Yesterday, I posted on Facebook a link to a recent post on a blog that I enjoy reading. He writes: “It’s just a slow improvement coupled with the laying in of new habits and practices. It’s a layering, year over year. You do a little more, lay a bit more groundwork each new season, build up a bit more infrastructure, increase your knowledge and better your habits and make it routine, make it normal. It becomes easier. ” I am laying in new habits and practices, layering and laying the groundwork. I do not need to compete with the established farms and their greenhouses and tractors. I need to figure out what we can do, what this farm can do and where we can go from here. As one established farmer told me, “there will soon be a glut of tomatoes on the market. Why compete with that?” He shoots for later season tomatoes. Really, tomatoes should be in full season starting in August, not May (or earlier!). Does growing vegetables out of season (i.e. in heated greenhouses) fall under the “sustainable” umbrella. I’m not so sure. What would you do if there was no electricity or fossil fuel to heat your greenhouse? Sure, you could use wood, but if there was limited electricity or fossil fuel, I’ll bet you’ll be using that wood to heat your house, not your greenhouse.
I still have not purchased a greenhouse.

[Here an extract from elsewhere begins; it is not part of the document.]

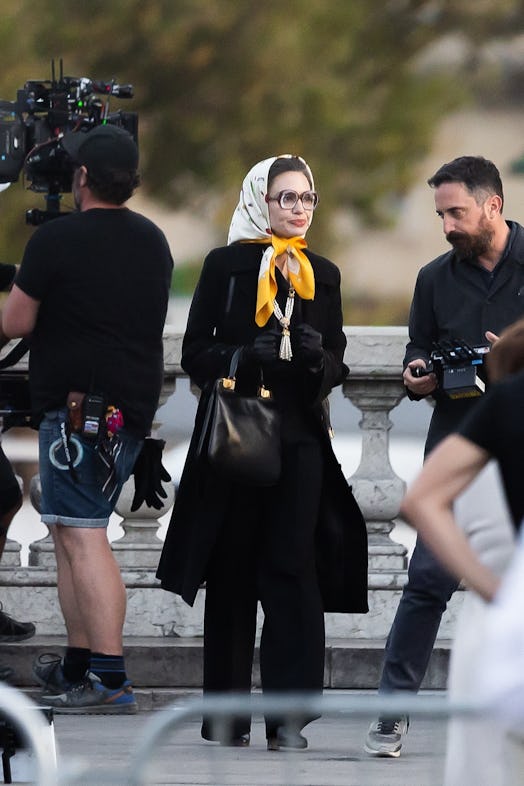 Angelina Jolie on the set of the biopic “Maria” in Paris, France, October 11th, 2023.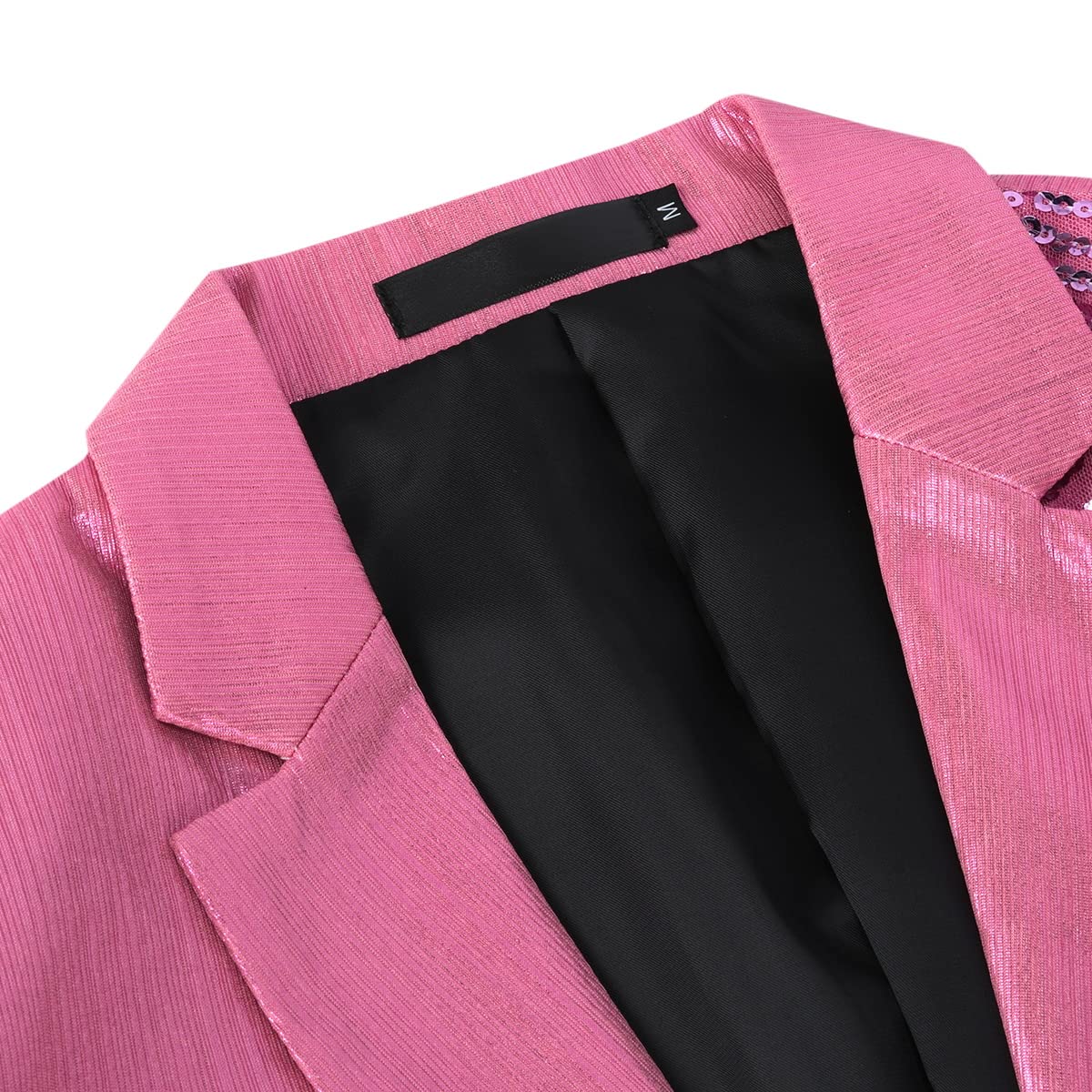 Chain Pink Men's Stylish Sequin Long Sleeve Dress Blazer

Eventually I will, but maybe not for this growing season. I want to make sure I get the best greenhouse for our farm, at the best price and put it in the right location. Until we get the new rabbit barn set up and decide where the rabbits will be wintered over, I do not know where the greenhouse will need go. Not only do I want the greenhouse for starting seedlings, but for growing fodder as well. Come the end of the summer (or maybe the height of the summer) we may stumble upon a greenhouse for a good price. That’s what happened with the tiller. We lucked out on that tiller.
I am working on my first cup of coffee which tastes darned good going down. I feel guilty for not getting up and getting Wally his coffee. I’ll have to make it up to him.
Hopefully this weekend we can get another couple of rows tilled in the rabbit area. I’ll be getting Jerusalem Artichoke tubers at the farmer’s market this Saturday and they can go in the ground now. I have close to 900 tiny trailer loads of rabbit manure mulch to haul out there this weekend. Oh for a tractor! One day we will have one, but for now, we’ll do it the old fashioned way.
Speaking of old fashioned ways, one of the items I budgeted for with the RAFI grant was a scythe. If I remember, I’ll call and order that today. With this warm weather, clover and vetch will soon be growing like crazy in the back fields and it will be time to go out and make my crop circles cutting fodder for the rabbits. If all goes well, in a few weeks, we can put the rabbits back on grass. That will be a happy time for all!